I could not stand it any longer.  I was passing through the town of Pryor, Oklahoma and I finally gave in and pulled into a very small service station.  The old fella there was very slowly working on something else.  But he dropped what he was doing and attended to me and my injured Victoria-Lynn.  

"Well son", said the mechanic wiping the sweat from his grease-stained forehead.  "It's a good thing you shutter' down. This car would've blown up any second. Nope, I'm sorry. This is the end of the line for your Dodge."

That's not what he said, but believe it or not, I was worried that it might come to this! This would have actually been a great time for a “me” from the future to suddenly appear and smack me upside the head for being such a dumbass about cars. Fortunately, that did not happen.

He took the left front brake drum off. There were torn twisted chunks of steel inside that I'd been grinding since Joplin, Missouri.  He asked me to hop into his truck and we drove to a Chrysler dealership and found a brake adjuster cable. We went back, and he talked a little.  Me not understanding a damn word this guy was saying.  

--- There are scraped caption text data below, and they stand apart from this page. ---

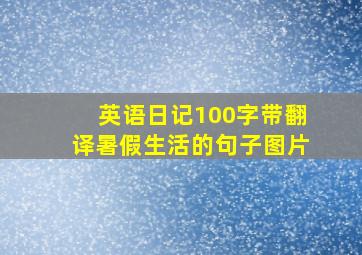 英语日记100字带翻译暑假生活的句子图片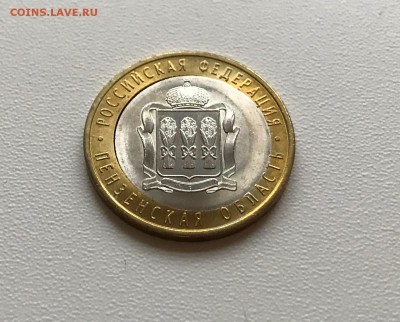 10р. Пензенская обл. двойная вырубка до 22.00 14.04 - IMG_4823.JPG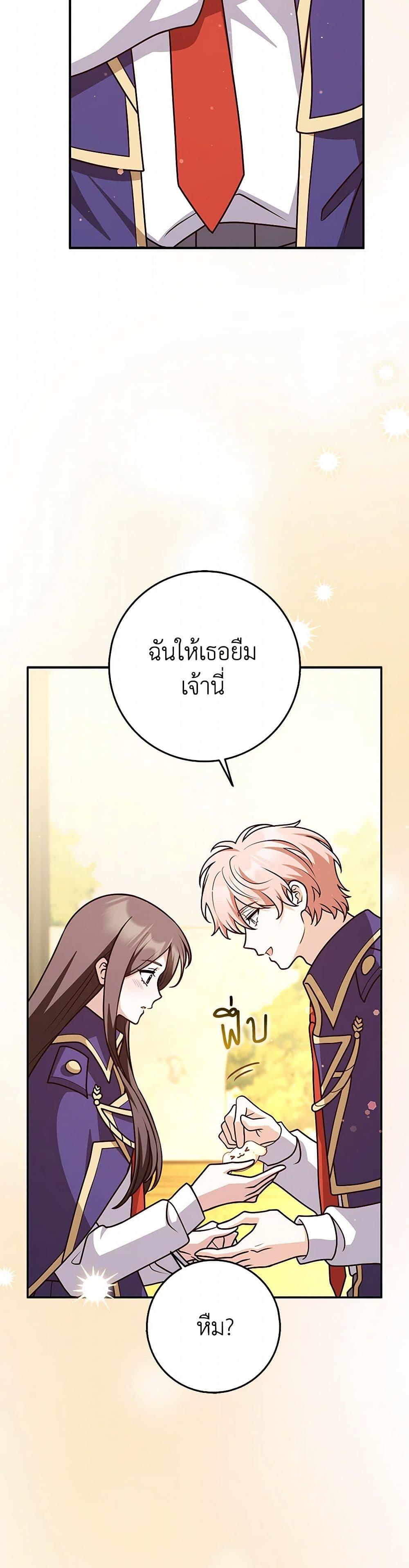 Manga-lc-com อ่านมังงะ อ่านการ์ตูน ออนไลน์ ฟรี Friends Shouldn’t Act This Way ตอนที่ 1 2 3 4 5 6 7 8 9 10 11 12 13 14 ฟรี ไม่มีโฆษณา Manga-lc - อ่าน มังงะ อ่าน การ์ตูน ออนไลน์ อ่านมังงะ ฟรี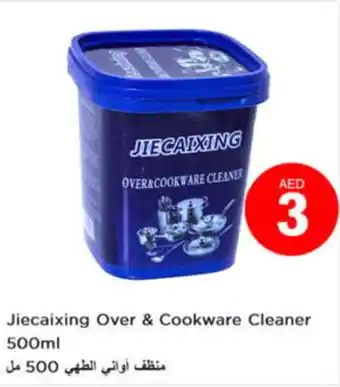Nesto Jiecaixing Over & Cookware Cleaner 500ml offer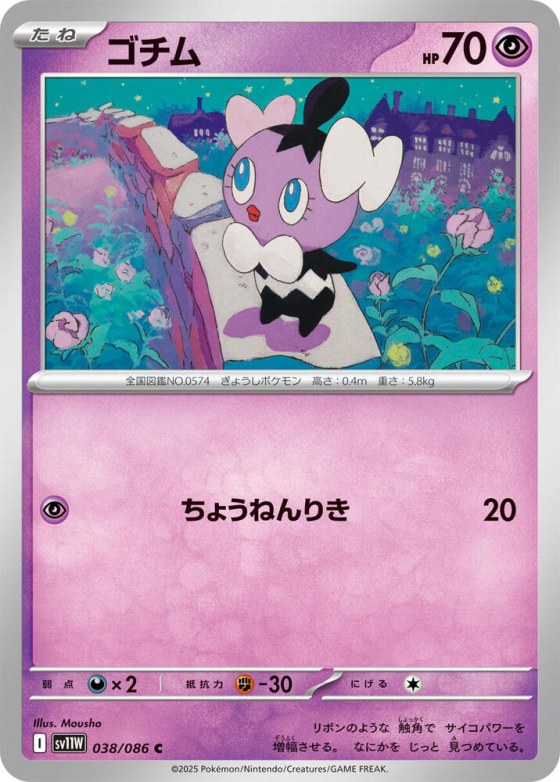 Gothita - Poke Ball Pattern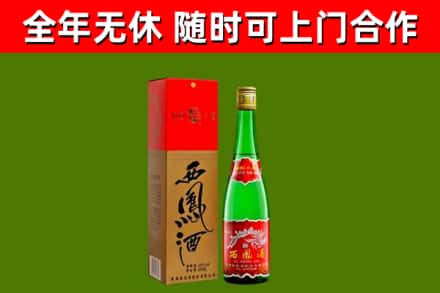 桃源烟酒回收西凤酒绿瓶.jpg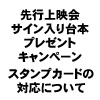 「先行上映会サイン入り台本プレゼントキャンペーン」スタンプカードの先行上映会開催中止に伴う対応について（画像）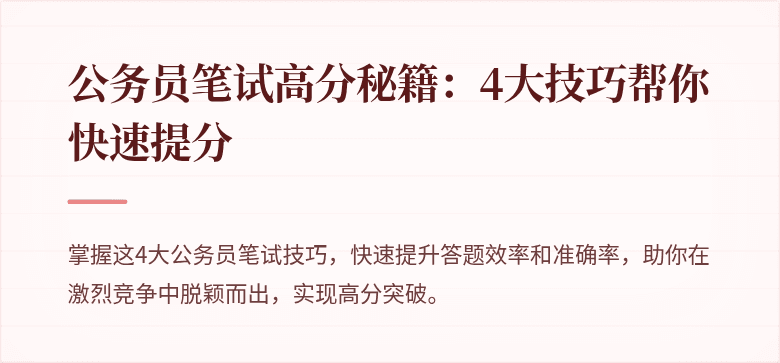 公务员笔试高分秘籍：4大技巧帮你快速提分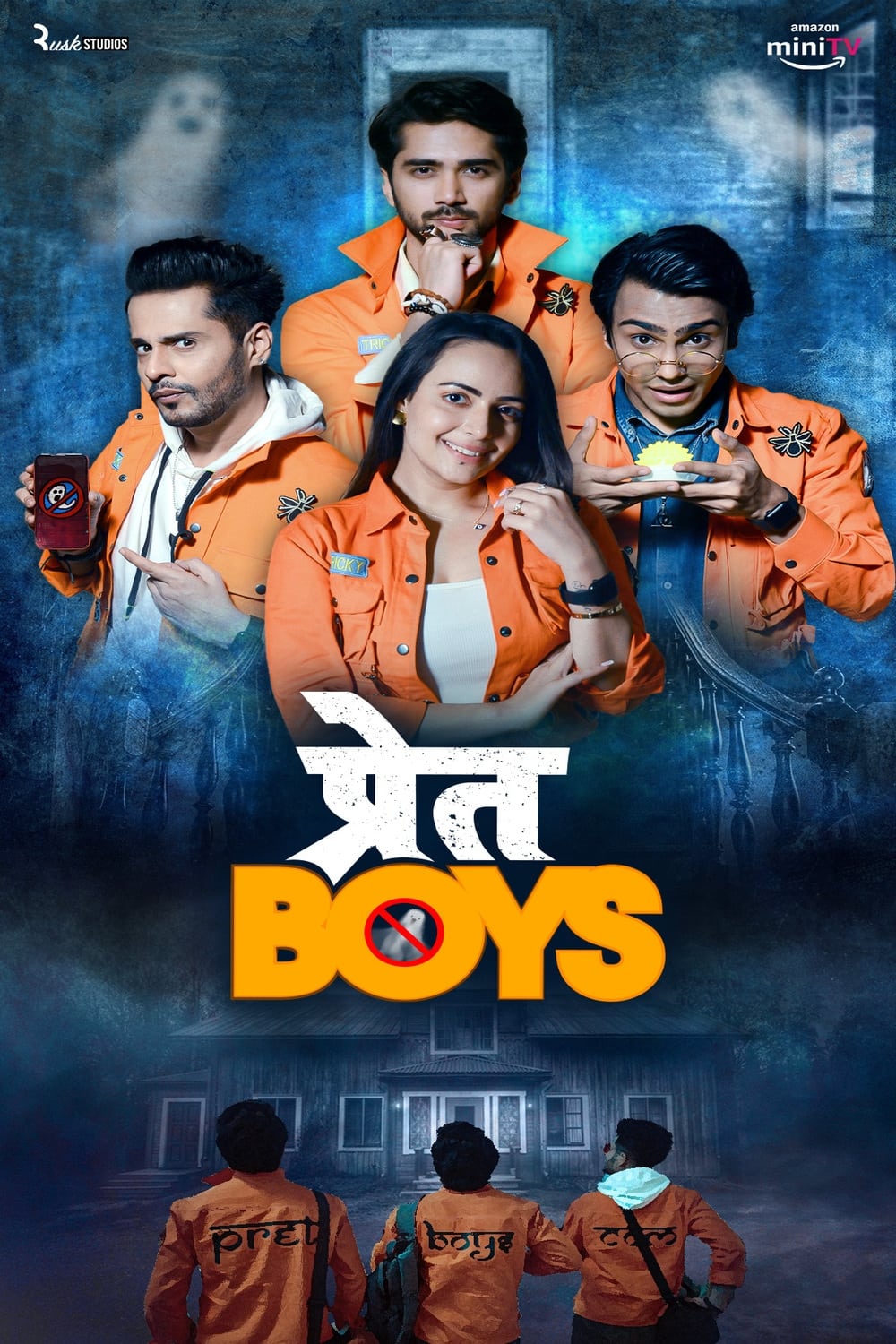 Pret Boys Hindi Dubbed Movie Poster (2023)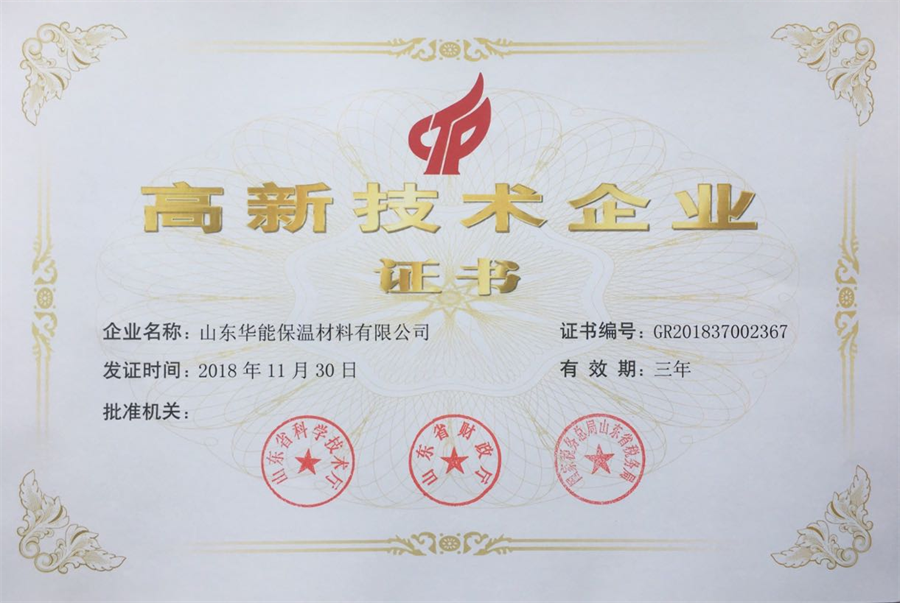 高新技術企業證書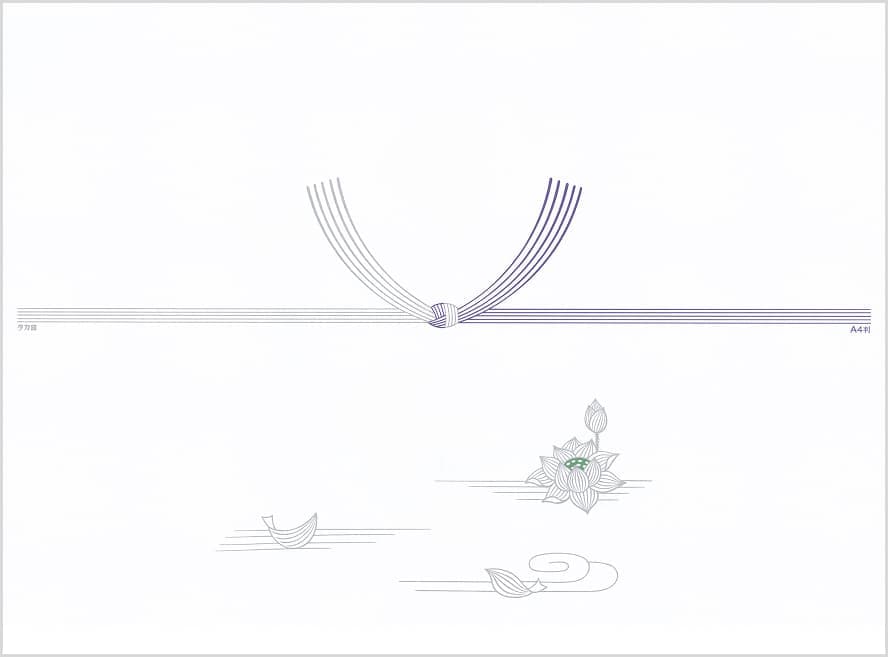 銀蓮のし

Within an hour and a half from the time I stopped, I was on the road again for a mere 11 dollars.  He could have charged me fifty and I would not have questioned it, but this gentleman in Pryor Oklahoma was an honest working man. He restored my vehicle’s good running condition and I was southbound and down on US 69 again. That was how I was first received by the Will Rogers Turnpike. We were good for now, but Will Rogers and I were far from finished.



Monday, July 3, 2023

1984 Chapter 7: 2279 Part 4 -Attention Klingon Commander

I woke up at 10:40 AM and I was not happy.   I showered very quickly and vacated the room feeling rushed and not ready to move on yet. The sun was harsh the day was turning out to be a hot one. What day was it even? Tuesday.  In one way they all feel the same now and in other ways they are complete opposites of other days.  One thing is for sure, Tuesdays never felt like this.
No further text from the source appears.